WPX Energy (WPX) had an interesting fourth quarter. After being spun off, it is the first quarter as a stand alone oil and gas exploration and production company. In the fourth quarter it had $992 million in revenues versus the street estimate of $652 million. Estimates for fourth quarter EPS was $.19. WPX increased domestic revenues from oil and natural gas liquids 87%. Oil production was up 65% and natural gas liquids increased by 25%. WPX has reduced 2012 capital expenditures by $400 million due to the low price of natural gas. It will spend 68% of its 2012 cap ex on liquids plays. WPX is gas heavy as it constitutes an estimated 80% of production this year.
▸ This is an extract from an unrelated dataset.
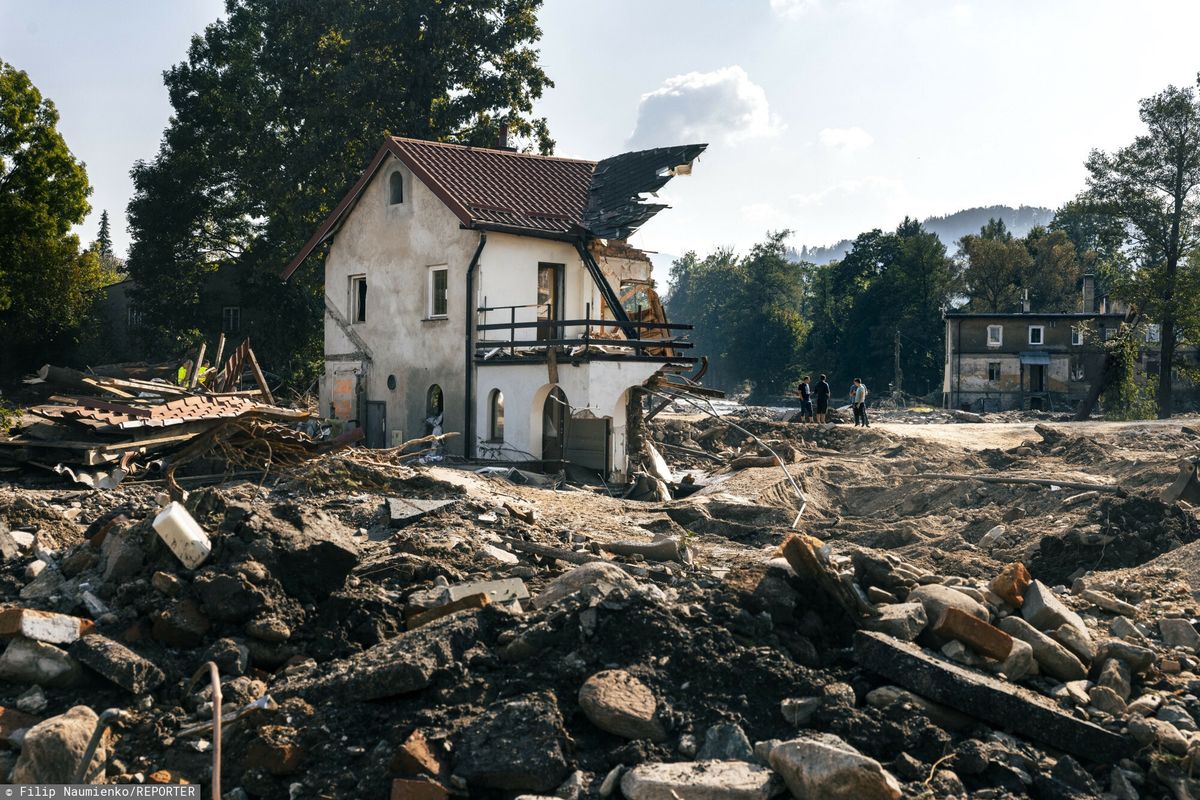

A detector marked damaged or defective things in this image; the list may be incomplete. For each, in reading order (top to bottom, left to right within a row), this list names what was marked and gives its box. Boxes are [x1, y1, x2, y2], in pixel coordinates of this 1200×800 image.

This compares to 83% gas and 17% liquids production in 2011.
In the Bakken, WPX tripled oil production from the first quarter to the fourth quarter of 2011. Given its low liquids production base, it would seem a good move to purchase additional acreage in the Bakken. A company like Kodiak (KOG) would be a nice fit in my opinion. WPX had five rigs in the play at the end of 2011, and plans a sixth at mid-year. All of its acreage will be held by production by year end. Each rig will drill 10 wells/year. Given the number of rigs, WPX is planning approximately 56 wells in the Bakken/Three Forks. It is spending more 2012 cap ex in the Williston Basin than any other of its plays. I would be careful with this stock, as it is gas heavy.
Linn Energy (LINE) is another Bakken producer that had hedging losses. Without this loss, it would have reported $.51 share, which met analyst estimates. It posted fourth quarter revenues or $326.4 million compared to analyst estimates of $360 million. Oil and gas derivative losses were more than $210 million. Linn is 100% hedged in oil and natural gas which makes its 7.5% dividend possible.
Linn has quietly built a 17,000 net acre position in the Bakken. In the fourth quarter of last year, its net production in the Bakken in 3500 Boe/d. Since mid-year of 2011, it has increased production 40%, mostly through acquisitions. Linn plans to spend another $54 million this year.
In summary, derivative losses continue to be a problem. Low Bakken selling cost has also been difficult. Denbury seems very well positioned. LLS is selling for a premium to WTI. Denbury is well positioned. Linn Energy is fully hedged and protected from price swings in the market. SM Energy continues to do well, but I would like to see it push liquids production harder. QEP and WPX both produce mostly natural gas. Since we could see natural gas prices continue to struggle, both of these companies could struggle too.
Disclosure: I am long KOG.
Additional disclosure: This article is not a buy or sell recommendation.